# Joule expansion - why is the change in internal energy 0 for a gas expanding into a vacuum?

I understand that no work is done on gases expanding into a vacuum as there is no external pressure the gas is expanding against, $$P_{ext}\Delta V = 0$$.

But thinking in terms of the gas particles accelerating into the vacuum due to the pressure gradient, isn't the gas particles acceleration increasing the total KE of the particles in the system.

## 2 Answers

As long as your system is thermally isolated from the environment so that the expansion is adiabatic, the internal energy must stay constant during the expansion. This follows directly from the first law of thermodynamics.

But thinking in terms of the gas particles accelerating into the vacuum due to the pressure gradient, isn't the gas particles acceleration increasing the total KE of the particles in the system.

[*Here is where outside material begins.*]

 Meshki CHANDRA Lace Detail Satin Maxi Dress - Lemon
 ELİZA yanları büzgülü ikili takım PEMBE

Here you are making two mistakes. First, you mix up the macroscopic picture of the gas (pressure gradient) and the microscopic picture (molecular motion). In a dilute (ideal) gas approximation, there are no forces acting on the molecules. They simply fill whatever volume is available to them by their random motion. This explains why in an ideal gas, the velocity distribution of molecules does not change upon free expansion, hence the internal energy and temperature remain constant.

The second mistake is the automatic identification of the kinetic energy of molecules with the internal energy of the gas. This is only valid in an ideal gas. In a real gas, the internal energy consists of the kinetic energy of the molecules and the energy of their interaction. It is the total internal energy that remains constant, not just the kinetic energy. In dilute gases, the molecular interactions are typically attractive, which means that upon free expansion, the molecules slow down: the kinetic energy decreases while the interaction energy increases by the same amount. As a consequence, the temperature (not the internal energy) of dilute gases typically decreases upon free expansion. This is the cooling effect you feel when you take a can of spray and let all the gas escape at once.

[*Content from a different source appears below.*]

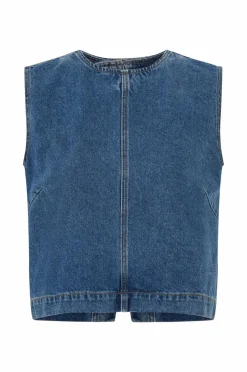 IVY Copenhagen Denimvest Ivy-Heaven Cross Back Top Wash Jaca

Assuming an adiabatic expansion, there can be no change in internal energy. In order for the gas molecules at the interface between the evacuated and gas occupied chambers to accelerate into the vacuum, other parts of the gas behind the interface must do work to "push" the gas molecules into the evacuated space. That work results in a loss of internal energy of the portions of the gas doing the work. If it is an ideal gas, all of energy used to do the work would be kinetic. Consequently, the increase in kinetic energy of the accelerated molecules would equal the decrease in kinetic energy of the gas doing work, for an overall change in kinetic energy of zero, at least for an ideal gas.

In the case of a real gas, it has internal potential energy as well. But as @Tomas Brauner points out, real gases undergo a temperature decrease. That would, of course, be contrary to an overall increase in the internal kinetic energy of the gas.

Hope this helps.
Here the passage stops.